L’udienza si tiene lo stesso senza imputato: è già agli arresti domiciliari!

E’ ritualmente corretto escludere la partecipazione all’udienza di un imputato impossibilitato da arresti domiciliari?

Il caso si sviluppa in merito a quanto accaduto ad un uomo, citato in giudizio ma impossibilitato a presentarsi in udienza, poiché sottoposto alla misura degli arresti domiciliari per altra causa sopravvenuta nel frattempo e che pertanto, tramite il proprio legale, rinvia ad altra udienza, che tuttavia si svolge in assenza dell’interessato, per mancato ordine di traduzione del legittimo impedimento rappresentato.

La sentenza è nulla se l’imputato era impossibilitato?

La difesa a tal punto si trova a dover necessariamente eccepire la nullità della sentenza, nel frattempo emessa a seguito dell’udienza, per non aver il Tribunale riconosciuto il legittimo impedimento in capo all’imputato.

In sede d’Appello l’eccezione di nullità della sentenza di primo grado viene rigettata, ritenendo che non sussistesse all’uopo il dovere del giudice di disporre la traduzione del soggetto, attribuendo all’imputato l’onere di rendersi attivo nel rappresentare presso il giudice del diverso procedimento che ha generato la misura, la necessità di provvedere all’autorizzazione per potersi recarsi in udienza.

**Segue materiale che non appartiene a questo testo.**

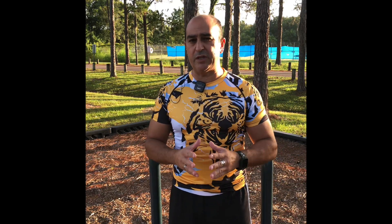Hey guys, I'm Sifu Jose Penalosa. Today we're going to work with different exercises here in this park and just enjoy it. Let's do it together.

Inoltrato ricorso rituale in Cassazione, la questione viene devoluta alle Sezioni Unite per poter decidere sulla questione di diritto di particolare interesse: “Se la restrizione dell’imputato agli arresti domiciliari per altra causa, comunicata in udienza, integri comunque un’ipotesi di legittimo impedimento a comparire, così precludendo la celebrazione del giudizio in assenza, ovvero gravi sull’imputato il previo onere di richiedere al giudice che ha emesso il provvedimento cautelare l’autorizzazione per presenziare a detta udienza”.

La decisione delle Sezioni Unite

La Corte di Cassazione accoglie i motivi presentati, sottolineando che si tratta di un contradditorio instauratosi in modalità “irrituale” e che rende la decisine in Appello “non corretta”. Secondo i giudici resta condivisibile il giudizio per cui, quando una qualunque restrizione della libertà personale impedisca all’imputato di presenziare in udienza costituisce di per sé un legittimo impedimento . Si richiama nella pronuncia della Suprema Corte la Convenzione europea dei diritti dell’uomo, che nell’elencare i diritti dell’imputato, presuppone l’essenzialità della sua partecipazione al processo; garanzie richiamate anche dal Patto internazionale dei diritti civili e politici .

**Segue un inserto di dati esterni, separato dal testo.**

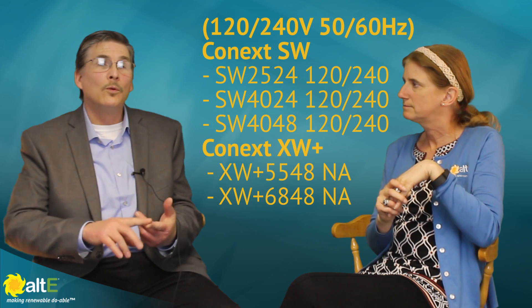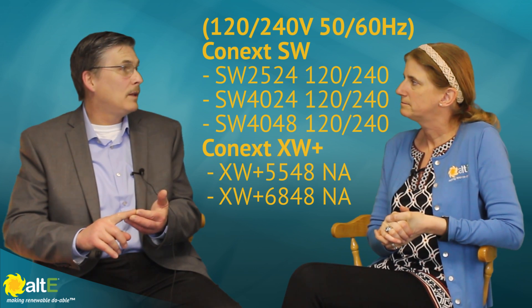Just to go over the models — the Conext SW is available in 24 and 48 volt models. The 24-volt models are 2500 watts and 4000 watts. The 48-volt model is exclusively 4000 watts. The XW Plus is available in 48-volt models only: a 5500 watt and a 6800 watt for North America. There are some European models as well, and Schneider does have a very big international crowd.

Le condizioni che potrebbero giustificare l’udienza tenuta dovrebbero essere:la certezza della conoscenza del processo, della data e del luogo fissati per il suo svolgimento; altresì l’inequivocità della rinuncia a comparire. La Corte pertanto sentenzia che: “In caso contrario il giudice deve disporre la sua traduzione a processo […] Ne consegue che la conoscenza da parte del giudicante della presenza di una limitazione alla libertà, imposta da altra autorità giudiziaria, su cui sia possibile intervenire, non può essere pretermessa”.

Si annulla pertanto la sentenza con rinvio in diversa composizione in Appello per una nuova decisione.